3. Col secondo motivo si deduce ‘Violazione e falsa applicazione dell’art. 9, comma 17, della Legge 27 dicembre 2002, n. 289; dell’art. 1, comma 665 della Legge 23 dicembre 2014, n. 190 e successive modifiche e integrazioni; degli artt. 107 e 108 del Trattato sul funzionamento dell’Unione Europea; dei principi stabiliti dalla Commissione Europea con Decisione (UE) 2016/195, notificata con il n. C (2015) 5549 final, in combinato disposto con il Regolamento Europeo (UE) 18 dicembre 2013, n. 1407, in relazione all’articolo 360, primo comma, n. 3, del Codice di procedura civile’.
Preso atto che il de cuius, negli anni in questione, ha svolto attività di lavoro autonomo, quindi, d’impresa, i Giudici di seconda istanza, al riguardo, avrebbero del tutto omesso di rilevare l’esito della Decisione della Commissione Europea (UE) 2016/195 del 14 agosto 2015, notificata con il n. C (2015) 5549 final, e le successive indicazioni della giurisprudenza di legittimità . L’ Ufficio ha evidenziato nell’atto di appello che la Commissione Europea, con la Decisione (UE) 2016/195 del 14 agosto 2015, notificata con il n. C (2015) 5549 final, ha ritenuto anche l’agevolazione in parola rivolta alle imprese, misura incompatibile con il mercato interno, rientrando essa nel novero degli aiuti di Stato. La stessa Commissione ha previsto alcune deroghe a tale incompatibilità
riservate agli aiuti individuali che rispettino i requisiti previsti dal Regolamento ‘de minimis’ applicabile ed oggetto di alcune importanti pronunce della Corte di Cassazione.
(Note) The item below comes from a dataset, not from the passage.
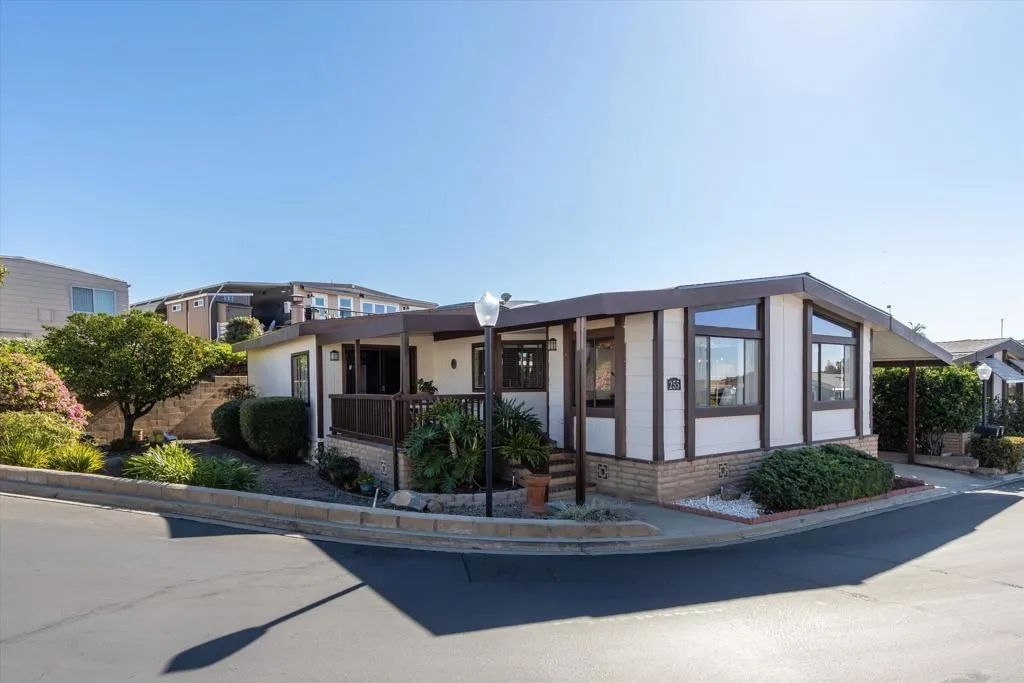 3535 Linda Vista 255, San Marcos, CA 92078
Il beneficio individuale deve essere in linea con il regolamento de minimis applicabile, tenendo conto, in specie, che la regola de minimis, stabilendo una soglia di aiuto al di sotto della quale l’art. 92, n. 1 TFUE, può considerarsi inapplicabile, costituisce un’eccezione alla generale disciplina relativa agli aiuti di Stato, per modo che, quando la soglia dell’irrilevanza dovesse essere superata, il beneficio dovrà essere negato nella sua interezza In difetto, la CTR dovra’ valutare la sussistenza delle condizioni che, secondo la citata decisione della Commissione del 2015, fanno ritenere comunque compatibili gli aiuti in esame con il mercato interno, ai sensi dell’articolo 107, § 2, lettera b), del TFUE, ovvero che si tratti di “aiuti destinati a compensare i danni causati da una calamita’ naturale” (§ 150, lettera b), sempre che sussista “un nesso chiaro e diretto tra i danni subiti dalla singola impresa in seguito alle calamita’ naturali in oggetto e l’aiuto di Stato concesso a norma delle misure in esame” (§ 136), » ( vedi Cass. Ord. del 24 gennaio 2022, n. 1947). In relazione alla soglia de minimis, i Giudici di legittimità hanno specificato che « 3.3.1. Nel rispetto del principio de minimis, inoltre, non basta che l’importo chiesto in rimborso ed oggetto del singolo procedimento sia inferiore alla soglia fissata del diritto dell’UE, dovendo invece la relativa prova riguardare l’ammontare massimo totale dell’aiuto rientrante nella categoria de minimis su un periodo di tre anni a decorrere dal momento del primo aiuto, comprendendovi qualsiasi aiuto pubblico accordato, anche quale aiuto de minimis (cfr. Cass. n. 30927 del 2019, cit., che richiama Cass. n. 14465 del 2017).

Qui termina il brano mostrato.